WHAT IS BEING ASKED:
Retype the listing below line for line, but only from the line with "Bataia nu mai e rupta din Rai" down to the line with "Exosome Skin Booster", inclusive. Pictures stay out.

BEGIN MATERIAL PROVIDED

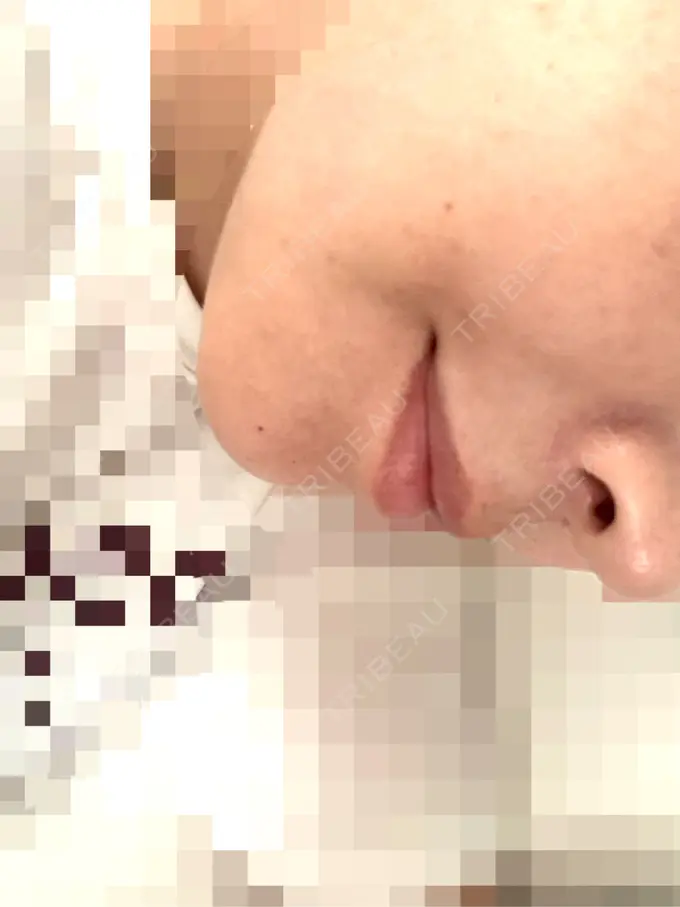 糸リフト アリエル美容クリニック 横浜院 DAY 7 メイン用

END MATERIAL PROVIDED
BEGIN MATERIAL PROVIDED

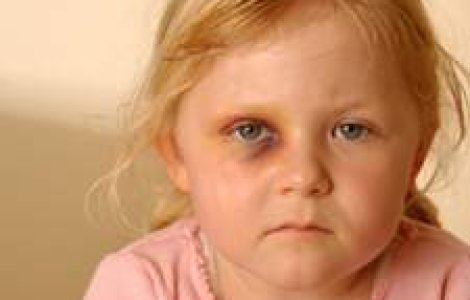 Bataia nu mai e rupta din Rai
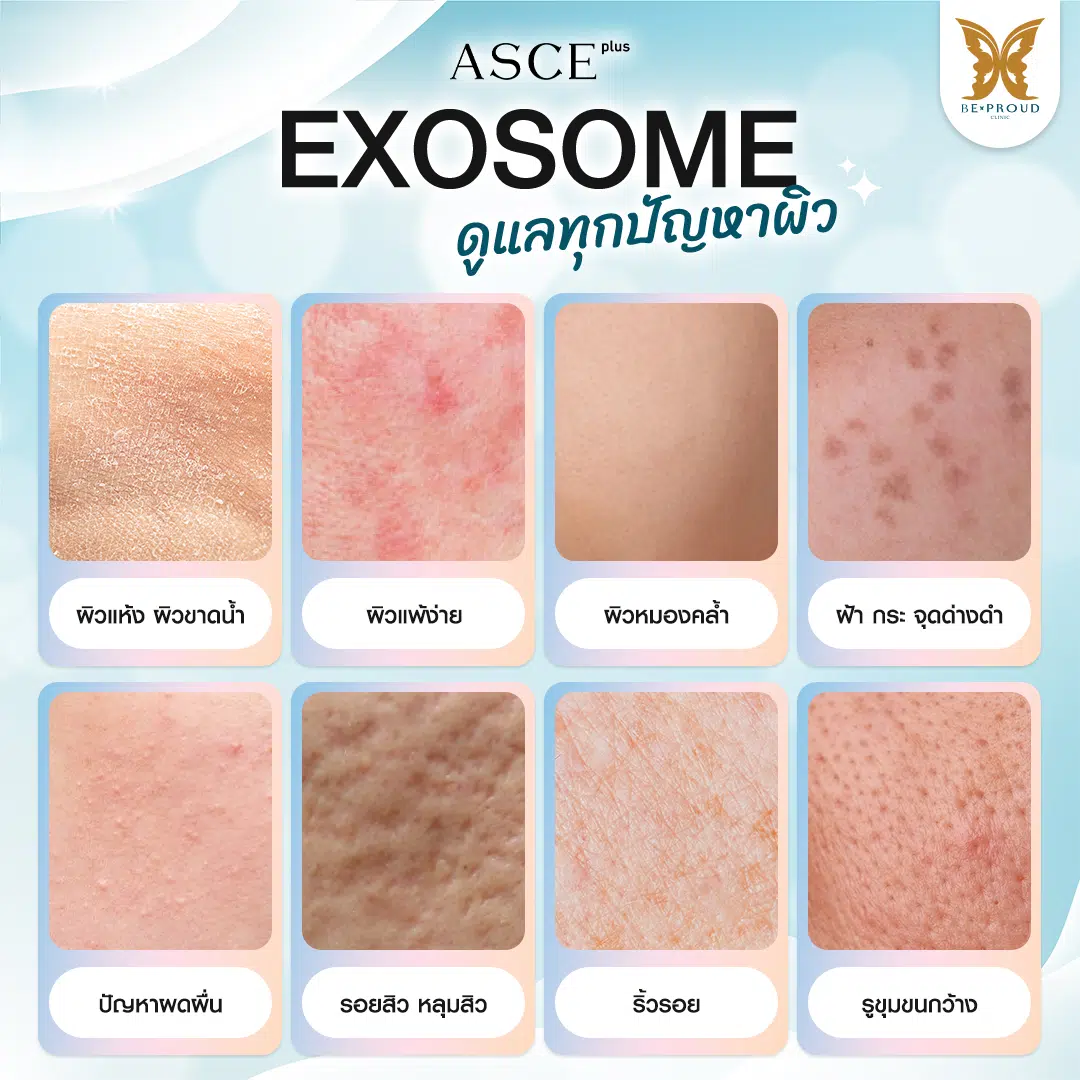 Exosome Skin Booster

END MATERIAL PROVIDED
BEGIN MATERIAL PROVIDED

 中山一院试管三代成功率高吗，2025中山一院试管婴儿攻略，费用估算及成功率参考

END MATERIAL PROVIDED

ANSWER AREA:
 Bataia nu mai e rupta din Rai
 Exosome Skin Booster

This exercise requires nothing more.